Captioned web image data
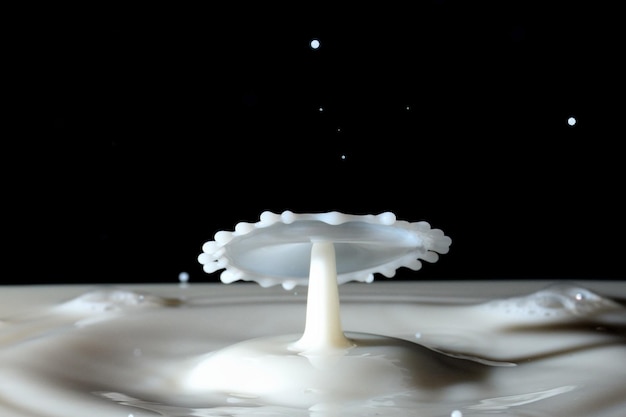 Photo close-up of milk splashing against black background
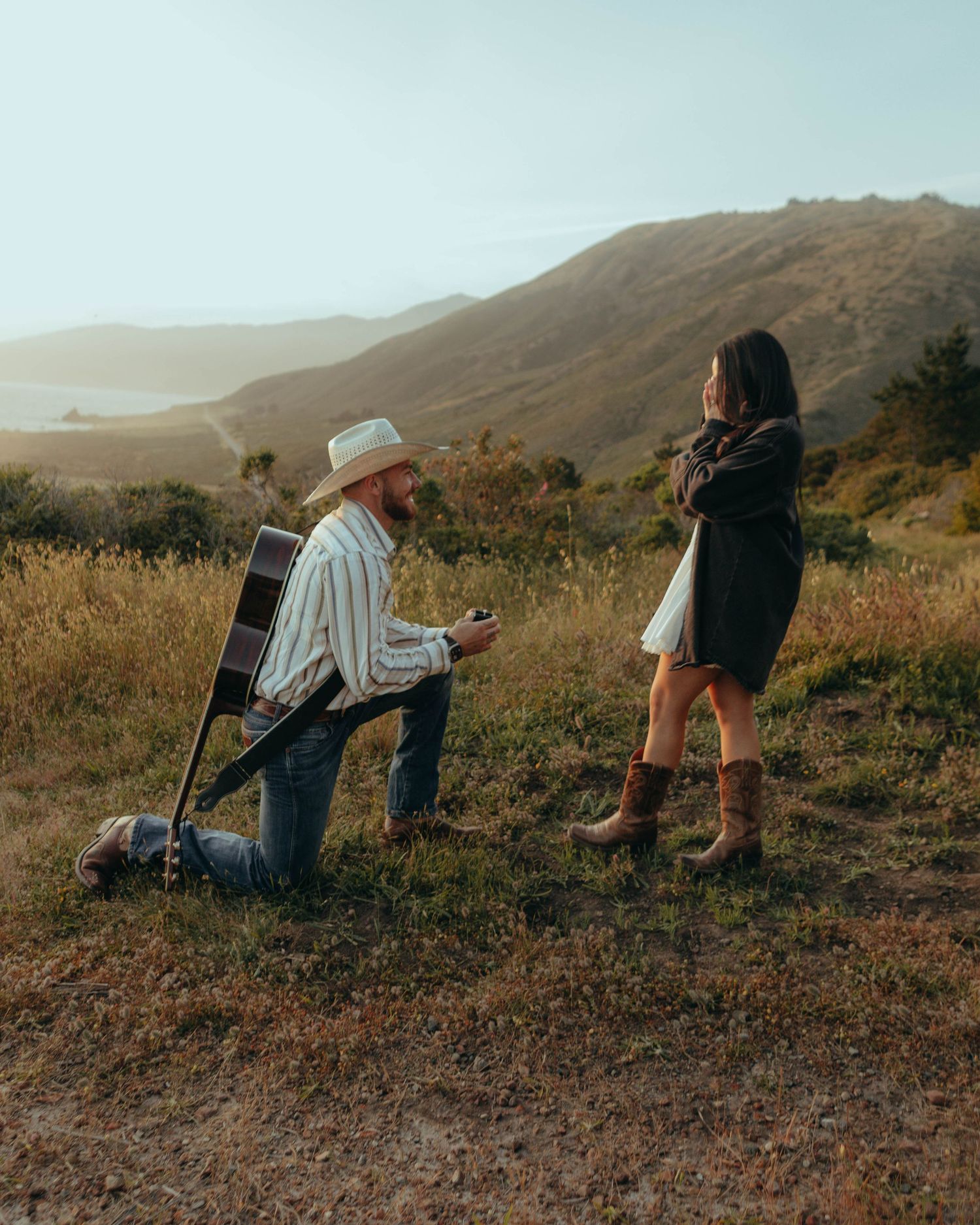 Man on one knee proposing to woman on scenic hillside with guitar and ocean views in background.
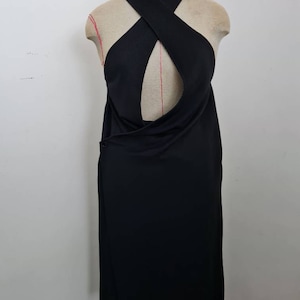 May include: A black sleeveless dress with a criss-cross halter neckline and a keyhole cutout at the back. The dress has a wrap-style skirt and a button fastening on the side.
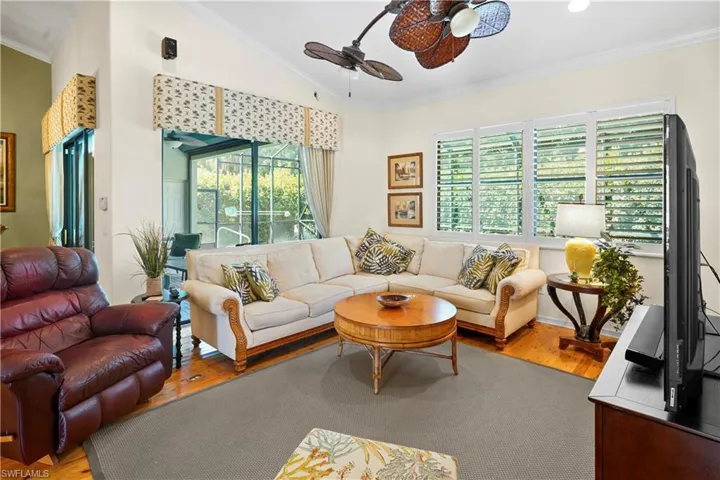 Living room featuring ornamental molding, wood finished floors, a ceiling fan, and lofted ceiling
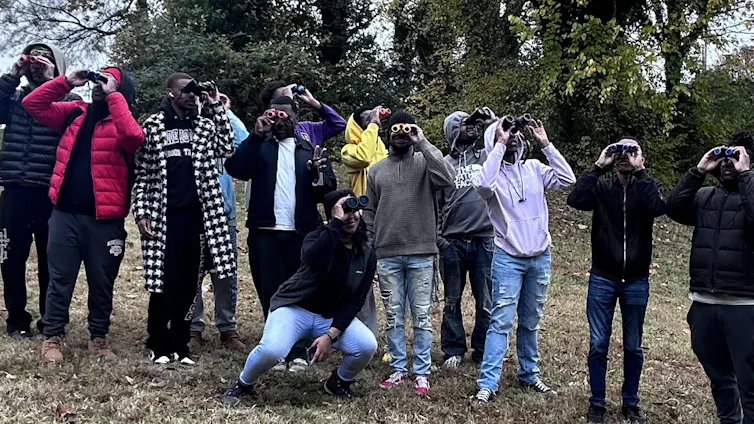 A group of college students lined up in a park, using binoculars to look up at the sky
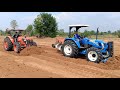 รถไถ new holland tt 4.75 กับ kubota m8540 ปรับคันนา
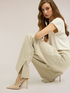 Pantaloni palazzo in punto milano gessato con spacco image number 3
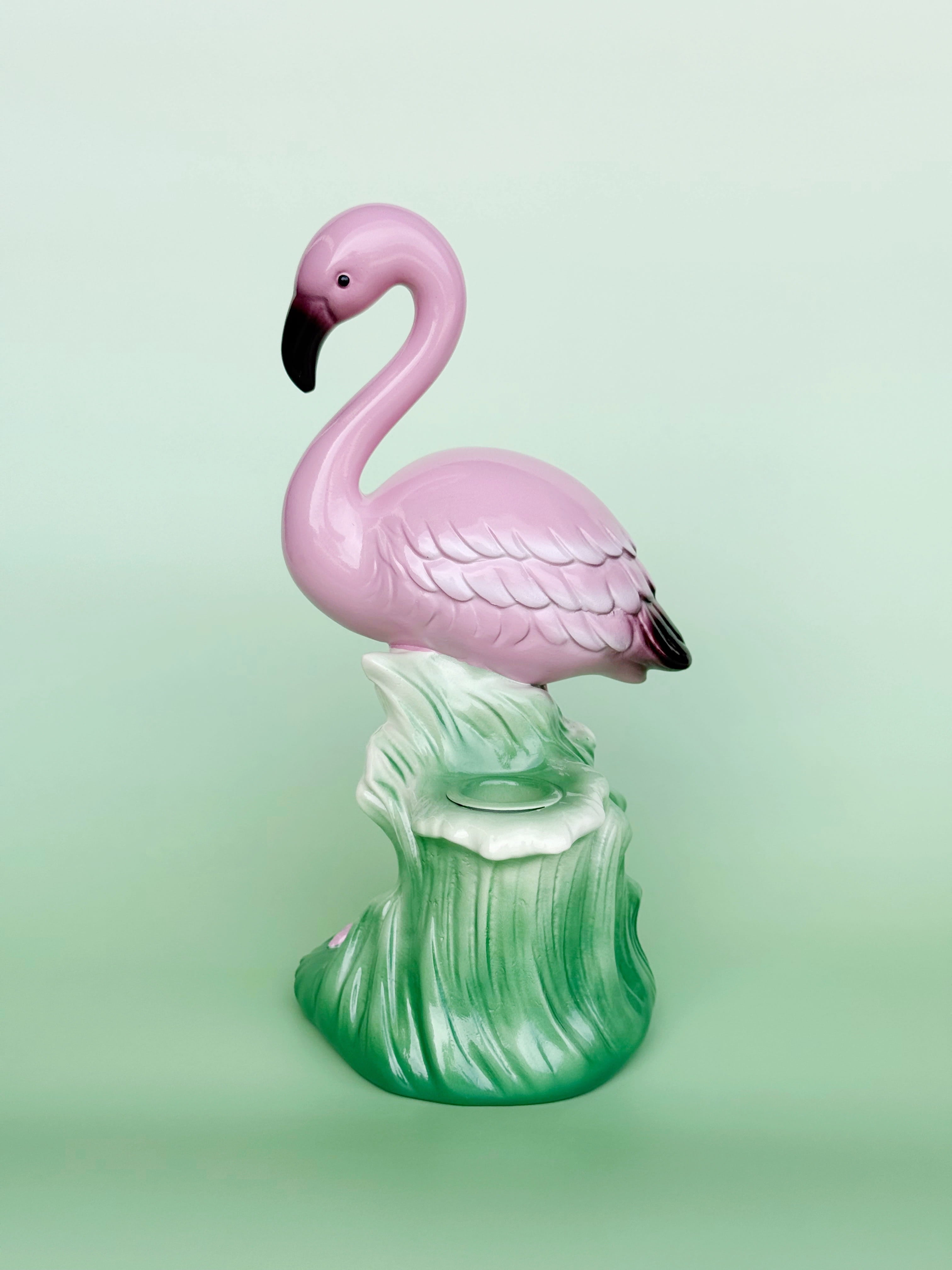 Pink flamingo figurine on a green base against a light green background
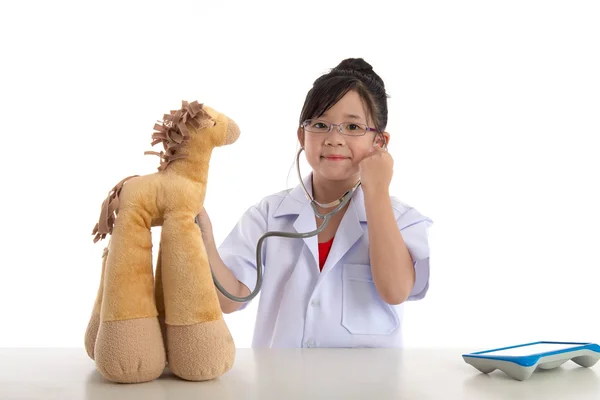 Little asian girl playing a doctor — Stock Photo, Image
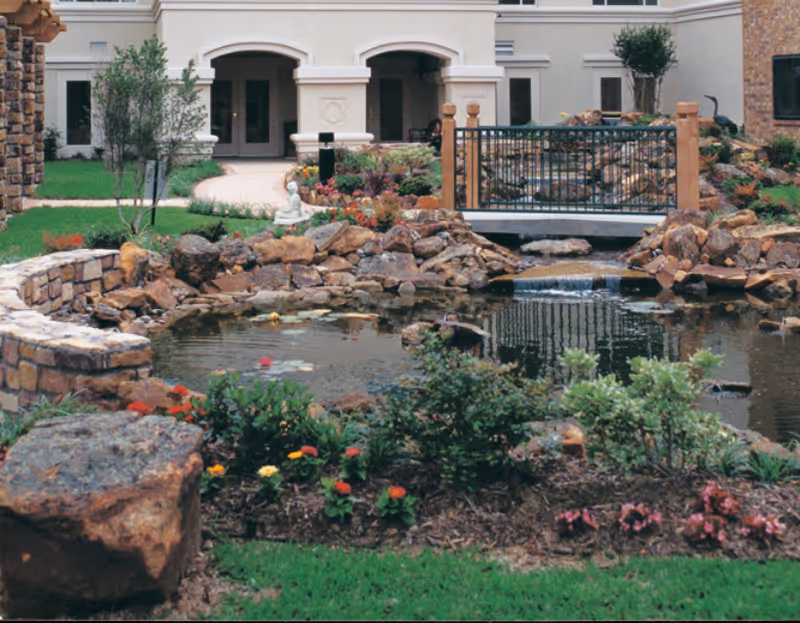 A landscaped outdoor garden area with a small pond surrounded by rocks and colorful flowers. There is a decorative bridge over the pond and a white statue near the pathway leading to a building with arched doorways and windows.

--

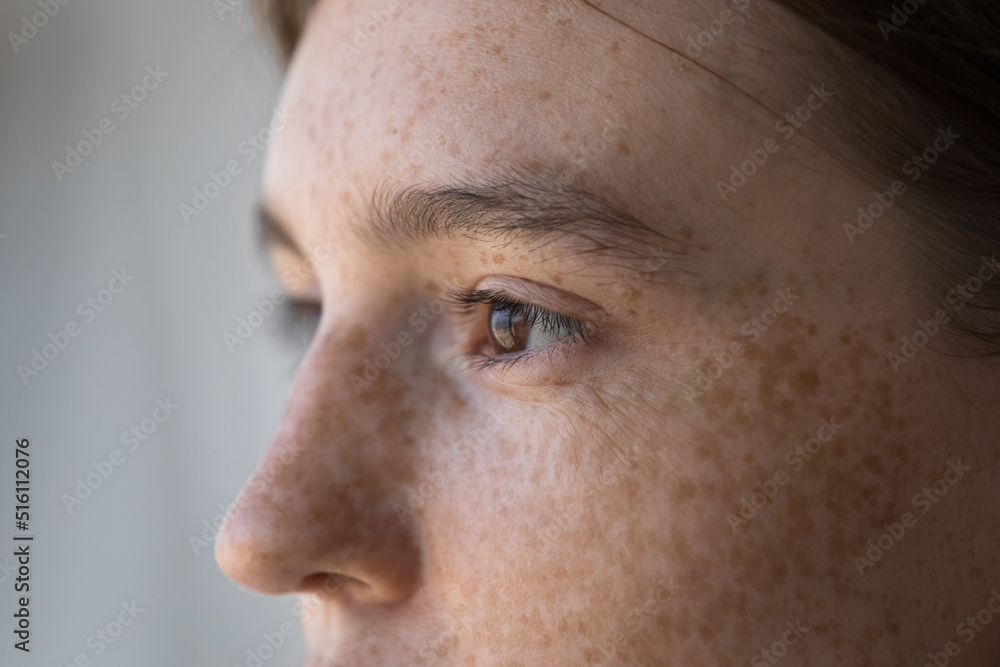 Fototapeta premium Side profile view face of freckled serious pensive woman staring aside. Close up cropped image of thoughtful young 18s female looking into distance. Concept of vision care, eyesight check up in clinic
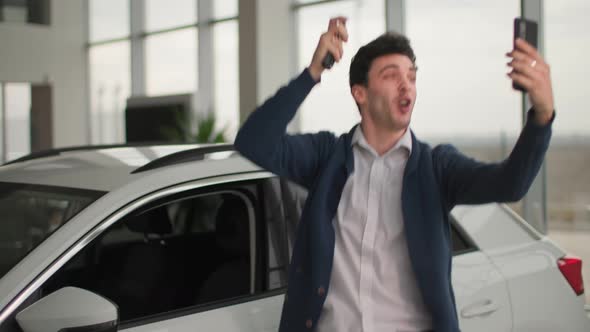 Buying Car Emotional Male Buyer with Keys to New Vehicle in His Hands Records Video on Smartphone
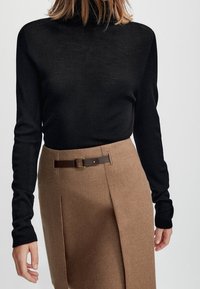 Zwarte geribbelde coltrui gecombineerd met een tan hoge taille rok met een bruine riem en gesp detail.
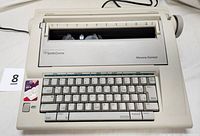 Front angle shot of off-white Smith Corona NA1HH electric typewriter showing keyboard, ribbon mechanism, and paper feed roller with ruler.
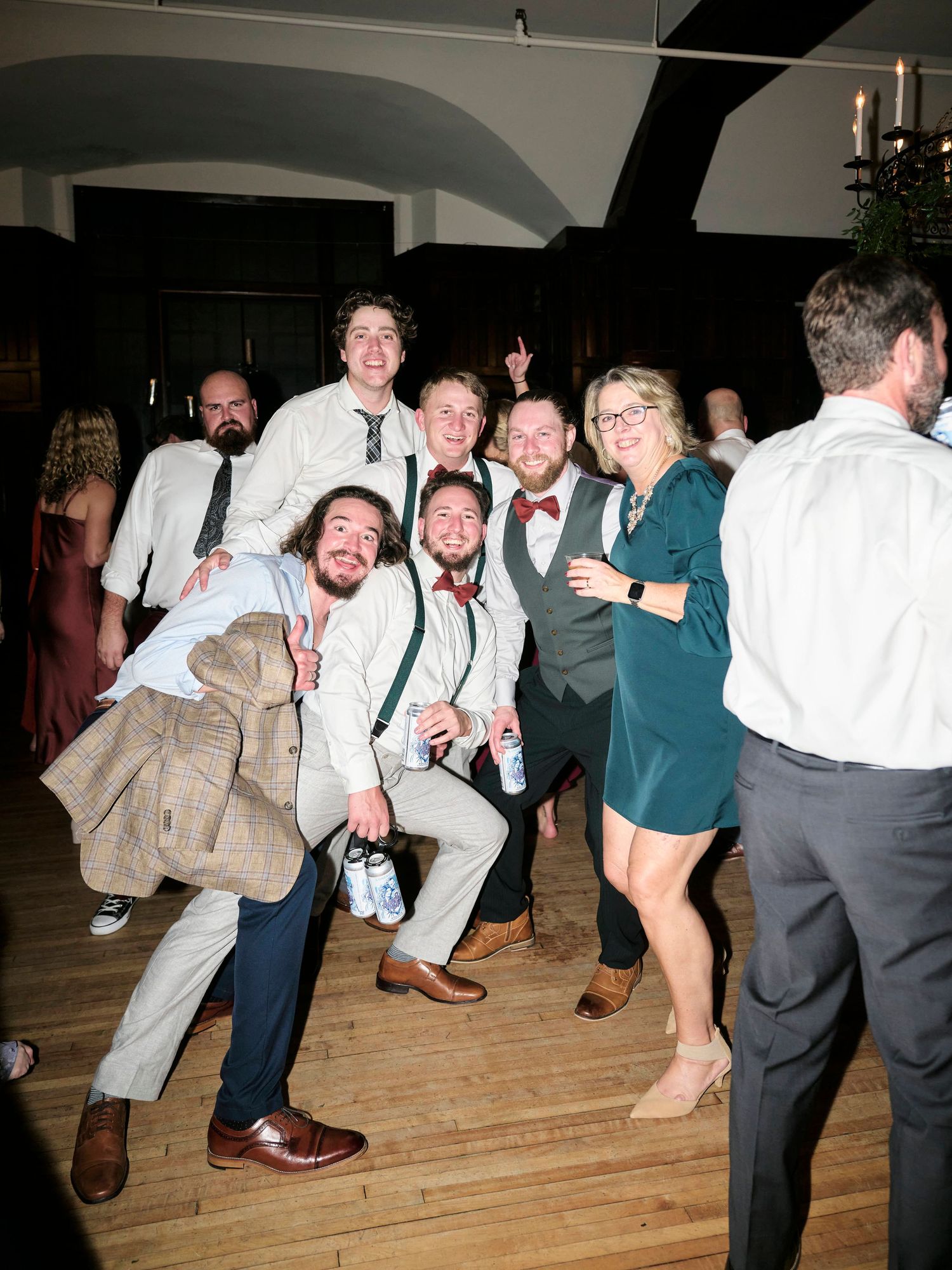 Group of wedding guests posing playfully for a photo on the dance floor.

* [ACTION ITEM] Nothing but the lines above from the line with "Photo close-up of" up to and including the line with "A landscaped outdoor" should be returned, exactly as written and without pictures.

* [EXERCISE SOLUTION]
 Photo close-up of milk splashing against black background
 Man on one knee proposing to woman on scenic hillside with guitar and ocean views in background.
 May include: A black sleeveless dress with a criss-cross halter neckline and a keyhole cutout at the back. The dress has a wrap-style skirt and a button fastening on the side.
 Living room featuring ornamental molding, wood finished floors, a ceiling fan, and lofted ceiling
 A group of college students lined up in a park, using binoculars to look up at the sky
 รถไถ new holland tt 4.75 กับ kubota m8540 ปรับคันนา
 Pantaloni palazzo in punto milano gessato con spacco image number 3
 Pink flamingo figurine on a green base against a light green background
 Little asian girl playing a doctor — Stock Photo, Image
 A landscaped outdoor garden area with a small pond surrounded by rocks and colorful flowers. There is a decorative bridge over the pond and a white statue near the pathway leading to a building with arched doorways and windows.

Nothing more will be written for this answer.